I reflect back to growing up during the Civil Rights Era, and having a mom who was a school teacher and a father who was a businessman always encouraging me to accelerate at all costs. They instilled in me to know there was nothing I couldn't do, be proud of who I am, and recognize that I was as good as the rest of them. That was how I grew up.
But my network of influence was coming from a similar Black and brown culture as my own. I went to a private, college-prep school with a small setting. The majority of my classmates had parents who were professors, doctors and lawyers. When you're in that kind of environment, you can thrive. My mental model was challenged when I came to Minnesota. I came here feeling great about who I was as a person growing up in Louisiana.
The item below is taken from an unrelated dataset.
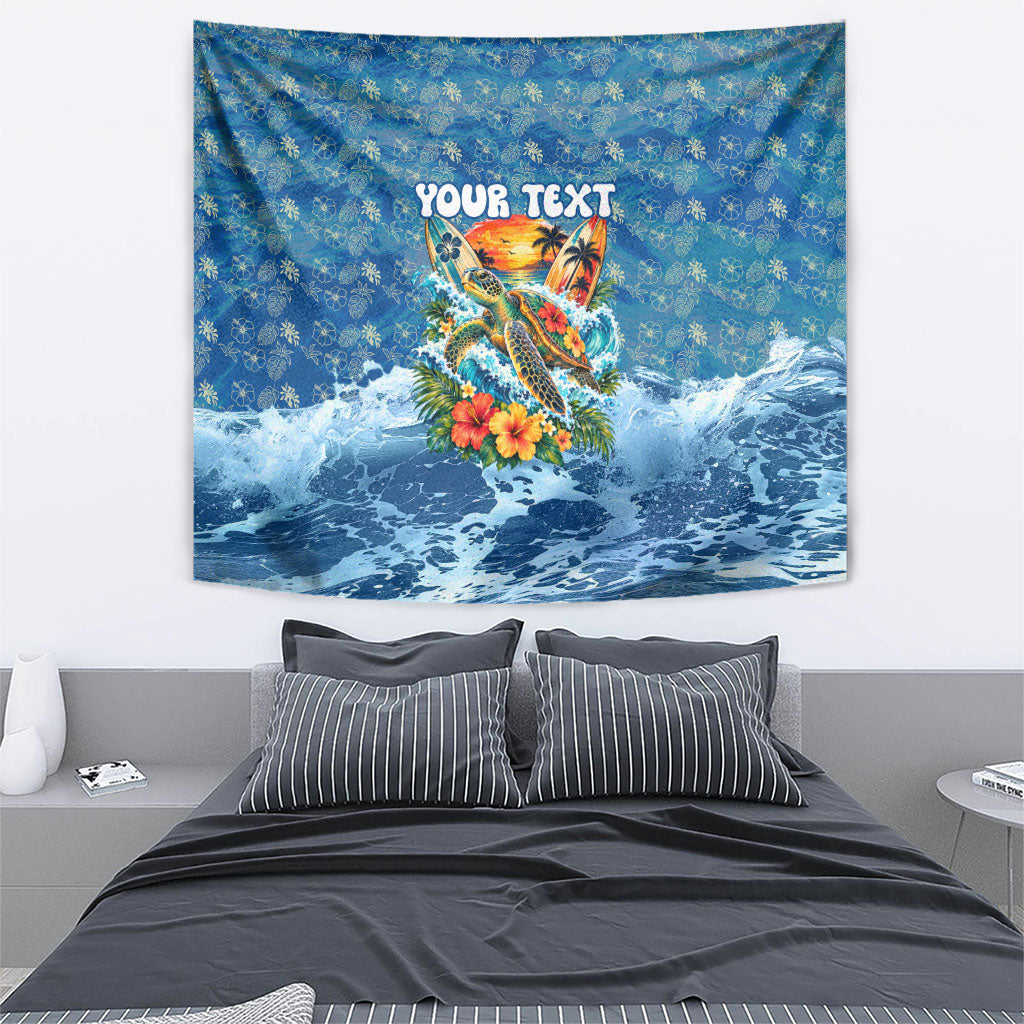 Personalized Hawaii 60th Birthday Sea Turtle Tapestry Tropical Ocean Wave Floral Surfboard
However, after settling in Minnesota and attending graduate school, I felt invisible, as if I had no value, and nothing to give.
So to think about what Ketanji Brown Jackson went through growing up, as well as getting to where she is today, I can't imagine all that she had to go through.
But what I know is this: She had grit. She had to have grit to even go through that whole process. From the negative comments to the absurd questions, she weathered it all.
But her being confirmed as a Supreme Court Justice in the United States of America is a huge deal!
Now, will it change the judicial system? I don't know. But what I do know is that there is someone in that room who has a different lens and set of eyes to put on the cases presented before them so that people will be challenged in a different way. And that to me is key. That's what she brings.
Just being at the table, and having a voice and a vote. Mental models can shift, when one person can bring a whole different way of thinking about a situation that, typically, is different than others. People sitting in the same room and hearing the same information including the same facts can interpret the information differently based on their individual mental models. Most of the time, your mental models are influenced by your experiences.
Historically, many Black women were domestic in this country. So it prompts one final question in my mind: What does this say — Ketanji Brown Jackson’s appointment as a Supreme Court Justice — about the state of the United States of America?